At that point Lowell thought about that trunk. He decided it might be good to keep its contents away from the approaching soldiers. He and Revere went to the tavern, climbed upstairs, brought the trunk down, and were carrying it across the town common during the first shots of the war.

The photograph above comes from the Worcester Telegram’s coverage of the museum’s similar display last year, which explains:
The Hancock trunk was donated years later to the American Antiquarian Society in Worcester by a descendant, Dorothy Hancock Gardner White (1799-1890). She wrote that in her childhood the box contained “letters of correspondence of the prominent men of the revolution” and also letters from Hancock to his future bride, Dolly Quincy, her great-aunt. Mrs. White gave many of the letters away.

The trunk was empty when it came to the Antiquarian Society, and when it was transferred in 1895 to the collection of the Worcester Society of Antiquity, what is today the Worcester Historical Museum.

“The trunk only comes out once a year,” said Vanessa Bumpus, the museum’s exhibit coordinator.

Most of the time the fragile artifact is kept downstairs in climate-controlled storage, she said. But for school vacation week coinciding with Patriots’ Day in April, museum staffers don special gloves, place the trunk on a dolly, and gingerly transfer it to a museum exhibit case.
Ironically, if this trunk had stayed in Buckman’s Tavern that morning, it would have been perfectly safe. No British soldiers entered the building. That column passed through Lexington just because it was on the road to Concord.

Sunday, April 08, 2018

A Few More Local Patriots’ Day Events

Yesterday I listed the events surrounding Patriots’ Day that are scheduled to take place in Minute Man National Historical Park. I also linked to Battleroad.org, a website listing other events in the area.

But there are yet more local commemorations, some of which may not appear on either list. I’ve come to see that pattern as emblematic of deep New England culture. Even though the militia mobilizations of 1774-1777 were by definition mass evens, our communities often like to maintain our own traditions independent from coordinating authorities.

This afternoon, for example, the town of Tewksbury commemorates its response to the 1775 alarm with the “Tewksbury Line of March” starting at 1:30 P.M. The Tewksbury Militia and Minutemen, Billerica Colonial Minutemen, and Second Massachusetts Regiment will participate. Former Tewksbury Historical Society president David Marcus will narrate the event.

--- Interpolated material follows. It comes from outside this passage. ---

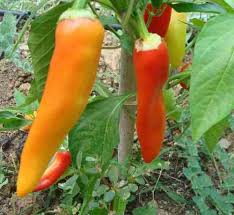 Selling green bajji chilli and mirchi bajji on market. Hungarian Hot Wax Chil Cremeweisse Fruchte C Annuum 10 Samen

Attendees are invited to walk behind the reenactors along the militia companies’ original route along East Street, Lee Street, and Chandler Street to the town library, where there will be a musket salute. At around 2:45 P.M. guest speaker will then provide a Loyalist perspective on events.

On Sunday, 15 April, Arlington will be the scene of “The Fight at the Jason Russell House,” reenacting the skirmish that cost more than a dozen lives in 1775. Participating reenacting groups include the Menotomy Minutemen, the Danvers Alarum Company, Gardner’s Regiment, and the Acton Minutemen. The Jason Russell House is at 7 Jason Street (just off Massachusetts Avenue), and this event is due to start at noon.

That fight is scheduled to finish by 2:00 P.M. when the Arlington Patriots’ Day Parade will begin, starting at Massachusetts Avenue and Brattle Street and proceeding east along Mass. Ave. to the Walgreen’s in East Arlington. Expect bands, fire engines, reenacting units, and community groups to march by.

Finally, that Sunday evening in Lexington, History At Play will present “The House of Hancock,” a “fun-filled, Hamilton-style musical” about the rise of the Hancock family. John Hancock’s grandfather was the minister in Lexington for decades, and he spent some years of his youth there before returning for his fateful visit in 1775.

“Join John and Dolly Hancock, Sam Adams, and more as they plan a revolution,” says the show notice. This chamber musical will be performed in the Lexington Depot starting at 7:00 P.M. Tickets are $20 for Lexington Historical Society members, $25 for non-members, and $15 for children.